» Task to complete: A verbatim reproduction of the lines below, from the line containing "Headlight Bulbs Carpart4u" through the line containing "Polyester long sleeves blouse", both ends included, is the whole required output.

» Records for the exercise:
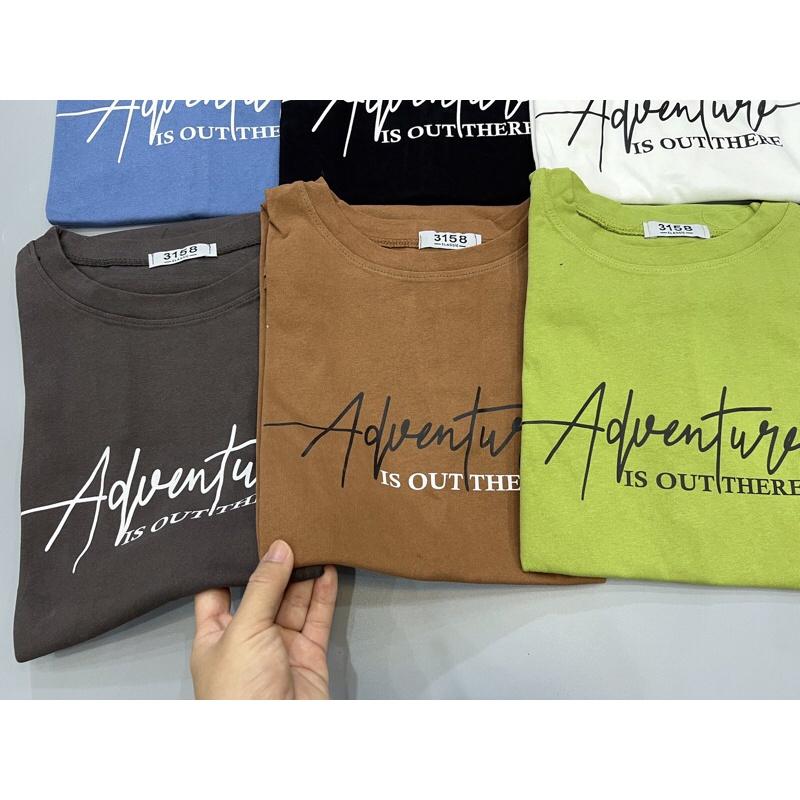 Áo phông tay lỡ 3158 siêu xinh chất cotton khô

...

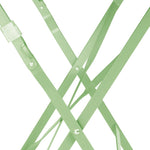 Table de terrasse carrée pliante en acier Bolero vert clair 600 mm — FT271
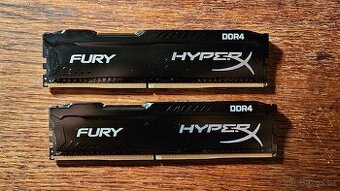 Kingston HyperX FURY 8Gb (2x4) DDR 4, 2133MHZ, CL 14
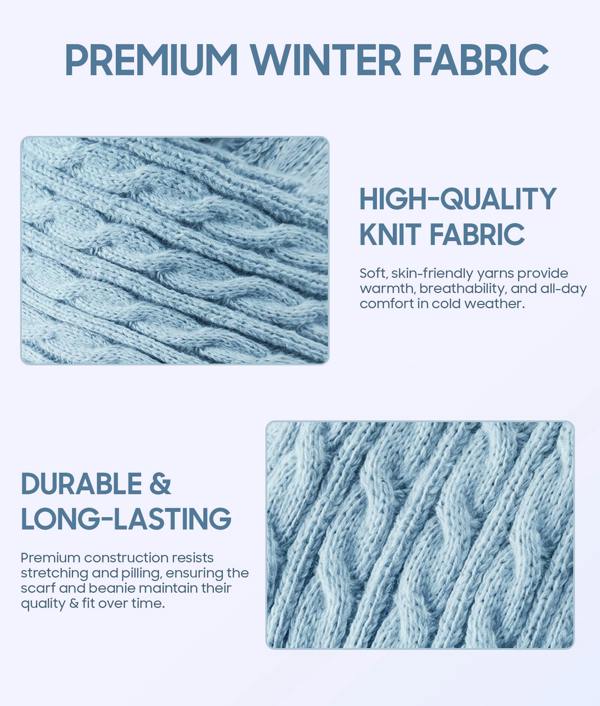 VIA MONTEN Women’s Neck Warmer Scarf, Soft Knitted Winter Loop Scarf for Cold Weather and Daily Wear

---

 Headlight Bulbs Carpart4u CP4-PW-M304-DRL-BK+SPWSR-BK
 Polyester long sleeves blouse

» Result of this exercise:
 Headlight Bulbs Carpart4u CP4-PW-M304-DRL-BK+SPWSR-BK
 Polyester long sleeves blouse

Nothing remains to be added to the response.